═════ EXERCISE DATA

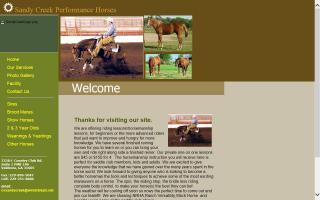 Sandy Creek Performance Horses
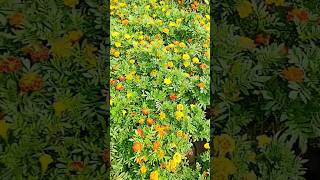 Tagetes patula the French marigold is a species of flowering plant in the family Asteraceaeshorts [upl. by Enawtna]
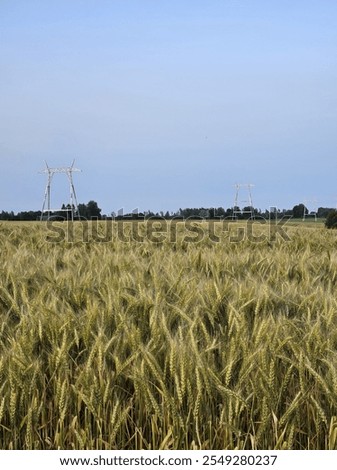 Similar – Image, Stock Photo Rye field background during summer sunset back light with details on kernels, Austria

══════════

Repeat the material exactly as it reads, without any of its pictures.

— WRITTEN RESPONSE —
 Sandy Creek Performance Horses
 Tagetes patula the French marigold is a species of flowering plant in the family Asteraceaeshorts [upl. by Enawtna]
 Similar – Image, Stock Photo Rye field background during summer sunset back light with details on kernels, Austria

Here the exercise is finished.